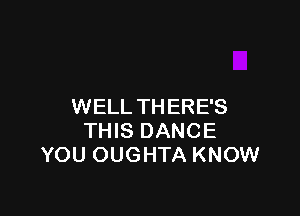 WELL THERE'S

THIS DANCE
YOU OUGHTA KNOW
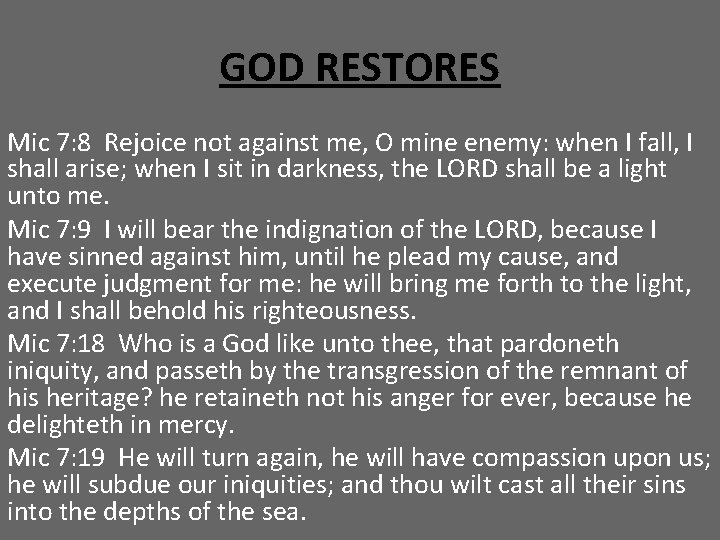 GOD RESTORES Mic 7: 8 Rejoice not against me, O mine enemy: when I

---+---

EXERCISE PROMPT:
In full and without changes, repeat the listing above, but not its pictures.

REPLY:
 WELL THERE'S

THIS DANCE
YOU OUGHTA KNOW
 GOD RESTORES Mic 7: 8 Rejoice not against me, O mine enemy: when I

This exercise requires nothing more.